ML Project on Jupyter Notebook - Weather Prediction

Question

I am working on a personal Machine-Learning (ML) project to predict weather. Right now, I am working on Jupyter Notebook. Once I am done with it, I will start working on converting it into a Flask app.

I have completed my code on Jupyter Notebook. All the codes are working fine. However, I am not sure if I am doing everything correctly.

Would you please review my code on GitHub and inform me if I am on the right way or not?

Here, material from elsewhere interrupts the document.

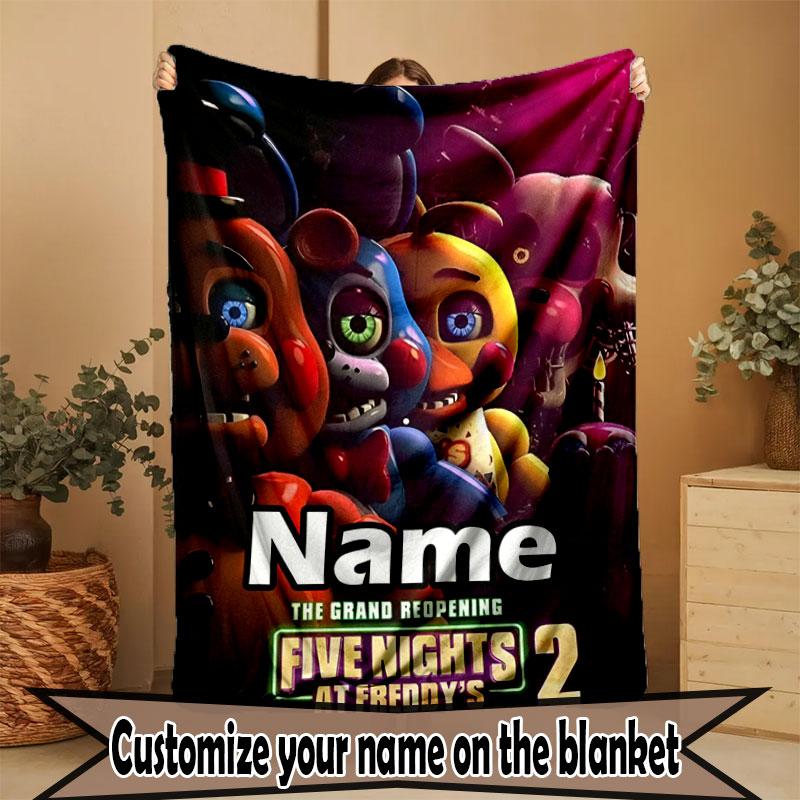 Custom Name Personalized Five Nights at Freddy's Print Blanket, Home Decor, Bedroom, Sofa, Camping, Couch, Gifts for Birthday Christmas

https://github.com/SteveAustin583/weather-prediction-ml/blob/main/weather-prediction-ml-stackexchange-feedback-implemented-2.ipynb

Here is my code:

# %% [markdown]
# # Seattle Weather Category Prediction - Jupyter Notebook
#
# ## This notebook aims to predict the weather category (e.g., sun, rain, snow)
# # based on other meteorological features. It follows a structure similar to
# # the provided Kaggle example, using Gaussian Naive Bayes.
#
# ## Steps:
# (Original numbered steps removed as per feedback, structure implied by headers)
# - Load and Explore Data
# - Visualize Data
# - Preprocess Data (Label Encoding for target, add lagged features)
# - Train and Evaluate Models
# - Conduct Ablation Study
# - Save the Model and Label Encoder for Flask App

# %% [markdown]
# ## Setup and Load Data

# %%
import numpy as np
import pandas as pd
import seaborn as sns
import matplotlib.pyplot as plt
import io # To load CSV from string in some environments (not strictly used by pd.read_csv here)
from sklearn.model_selection import train_test_split
from sklearn.naive_bayes import GaussianNB
from sklearn.linear_model import LogisticRegression
from sklearn.svm import SVC
from sklearn.metrics import accuracy_score, classification_report, confusion_matrix
from sklearn.preprocessing import LabelEncoder
import joblib

# %%
# Display plots inline
%matplotlib inline
# Set some display options for Pandas
pd.set_option('display.max_columns', None)
pd.set_option('display.width', 1000)

# %% [markdown]
# ### Helper Functions

# %%
def print_header(message):
    """Prints a formatted header message."""
    print(f"\n{message}:")

def load_and_preprocess_data(file_path):
    """Loads the dataset and performs initial date conversion."""
    df = pd.read_csv(file_path)
    print_header("Dataset loaded successfully")
    df['date'] = pd.to_datetime(df['date']) # Convert date column to datetime
    return df

def create_visualization_df(dataframe):
    """Creates a copy of the dataframe for visualization and extracts year/month."""
    df_vis = dataframe.copy()
    df_vis['year'] = df_vis['date'].dt.year
    df_vis['month'] = df_vis['date'].dt.month
    return df_vis

def create_lag_and_delta_features(df_input, features_to_lag, temp_features_for_delta, lag_period=1):
    """
    Adds lagged versions of specified features and delta features for temperature.
    Assumes df_input is already sorted by date and contains necessary base features.
    """
    df_out = df_input.copy() # Work on a copy

    # Ensure DataFrame is sorted by date if 'date' column exists
    # This is crucial for time-series operations like shift()
    if 'date' in df_out.columns:
        df_out = df_out.sort_values(by='date')
    else:
        # If no 'date' column, we assume the user has pre-sorted it externally.
        # For this specific notebook, 'date' will be present in df_for_lagged.
        print("Warning: 'date' column not present for sorting. Assuming pre-sorted data for lag features.")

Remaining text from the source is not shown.